These are environment variables for connecting to the PostgreSQL backend store:
– avnadmin: the default admin user for OVHcloud’s managed PostgreSQL
– POSTGRE_PASSWORD: must be replaced with your actual database password
– PG_HOST: the hostname of your managed PostgreSQL instance
– PG_DB: the name of the database to use (default: defaultdb)
– PG_PORT: the port your PostgreSQL server is listening on
– SSL_MODE: enforce SSL connection to secure DB traffic

• -e S3_ENDPOINT=https://s3.gra.io.cloud.ovh.net/

Tells MLflow where the S3-compatible endpoint is hosted. This is specific to OVHcloud’s GRA (Gravelines) region Object Storage.

• -e S3_BUCKET_NAME=mlflow-s3-bucket

Sets the name of the S3 bucket where MLflow should store artifacts (models, metrics, etc.).

• <your_registry_address>/mlflow-server-ai-training:latest

This is the custom MLflow Docker image you are running inside the job.

2. Check if your AI Training job is RUNNING

Replace the <job_id> by yours.

ovhai job get <job_id>

You should obtain:

History:
DATE STATE
04-04-25 09:58:00 QUEUED
04-04-25 09:58:01 INITIALIZING
04-04-25 09:58:07 PENDING
04-04-25 09:58:10 RUNNING
Info:
Message: Job is running

3. Recover the IP and external IP of your AI Training job

Using, your <job_id>, you can retrieve your AI Training job IP.

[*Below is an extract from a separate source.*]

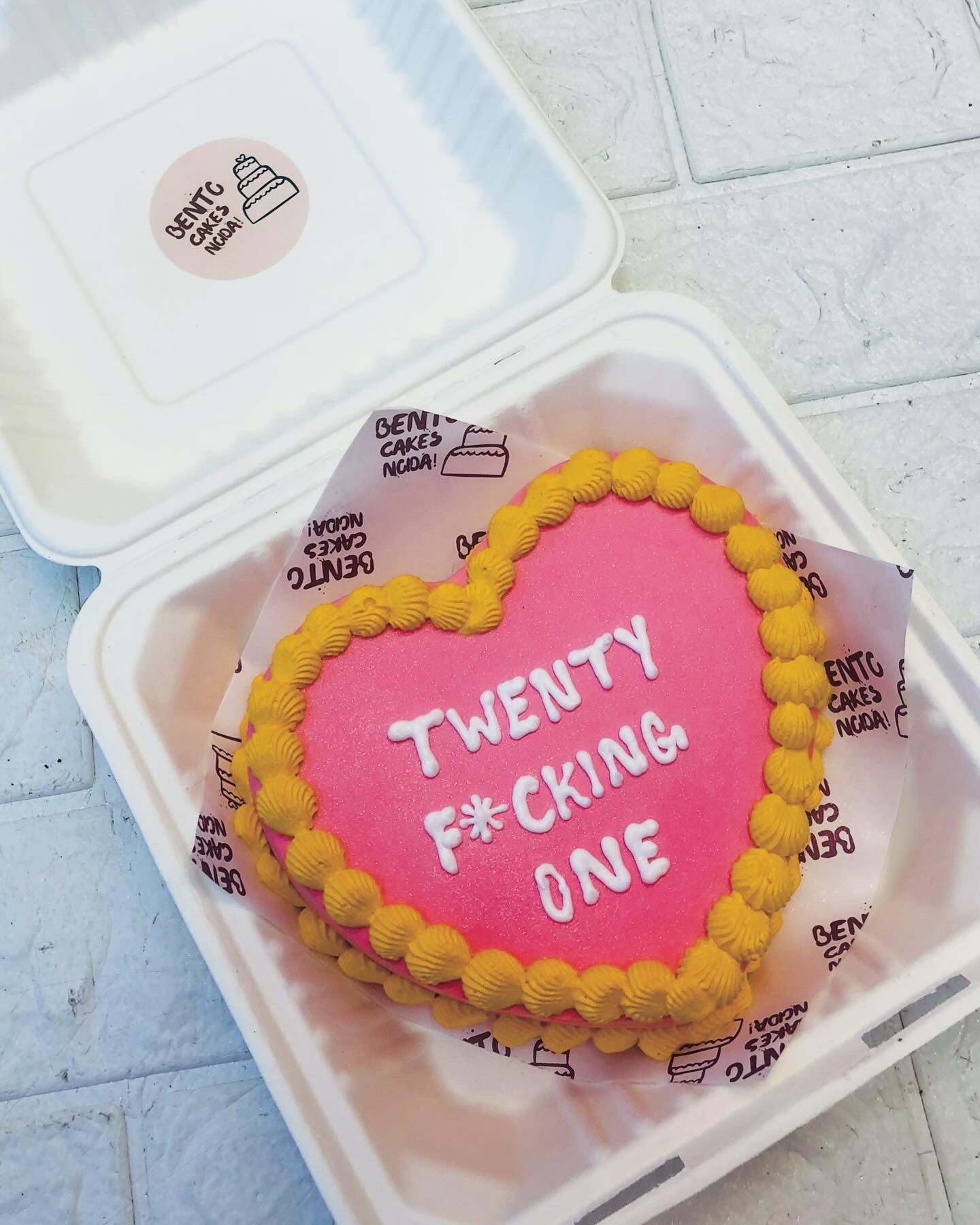 A shiney pink heart shape cake with yellow boundry design on it's top and bottom and a text written with white icing on it.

ovhai job get <job_id> -o json | jq '.status.ip' -r

For example, you can obtain something like that: 10.42.80.176

You also need the External IP:

ovhai job get <job_id> -o json | jq '.status.externalIp' -r

Returning the IP address you will have to whitelist to be able to connect to your database (e.g. 51.210.38.188)

Step 6 – Whitelist AI Training job IP in PostgreSQL DB

From Databases & Analytics > Databases, edit your DB configuration to allow access from the job Extranal IP.

Then, you can see that the job External IP is now white listed.

Well done! Your MLflow server and the backend store are now connected.

Step 7 – Create an AI Notebook

It’s time to train and track your Machine Learning models using MLflow!

To do so, use the OVHcloud ovhai CLI and start a new AI Notebook with GPU.

ovhai notebook run conda jupyterlab \
  --name mlflow-notebook \
  --framework-version conda-py311-cudaDevel11.8 \
  --gpu 1

Full command explained:

• ovhai notebook run

This is the core command to run a notebook using the OVHcloud AI Notebooks platform.

• --name mlflow-notebook

Sets a custom name for the notebook. In this case, you can name it mlflow-notebook.

• --framework-version conda-py311-cudaDevel11.8

Define the framework and version you want to use in your notebook. Here, you are using Python 3.11 with Conda framework and CUDA compatibility.

• --gpu 1

Allocates 1 GPU for the job, by default a Tesla V100S from NVIDIA (ai1-1-gpu). You can select the flavor you want from the OVHcloud GPU range.

Then, check if your AI Notebook is RUNNING.

ovhai notebook get <notebook_id>

Once your notebook is in RUNNING status, you should be able to access it using its URL:

State: RUNNING
Duration: 1411412
Url: https://<notebook_id>.notebook.gra.ai.cloud.ovh.net
Grpc Address: <notebook_id>.nb-grpc.gra.ai.cloud.ovh.net:443
Info Url: https://ui.gra.ai.cloud.ovh.net/notebook/<notebook_id>

You can start your AI model development inside notebook.

Step 8 – Model training inside Jupyter notebook

To begin with, set up your notebook environment.

1. Create the requirements.txt file

numpy==2.2.3
scipy==1.15.2
mlflow==2.20.3
sklearn==1.6.1

2. Install dependencies

From a notebook cell, launch the following command.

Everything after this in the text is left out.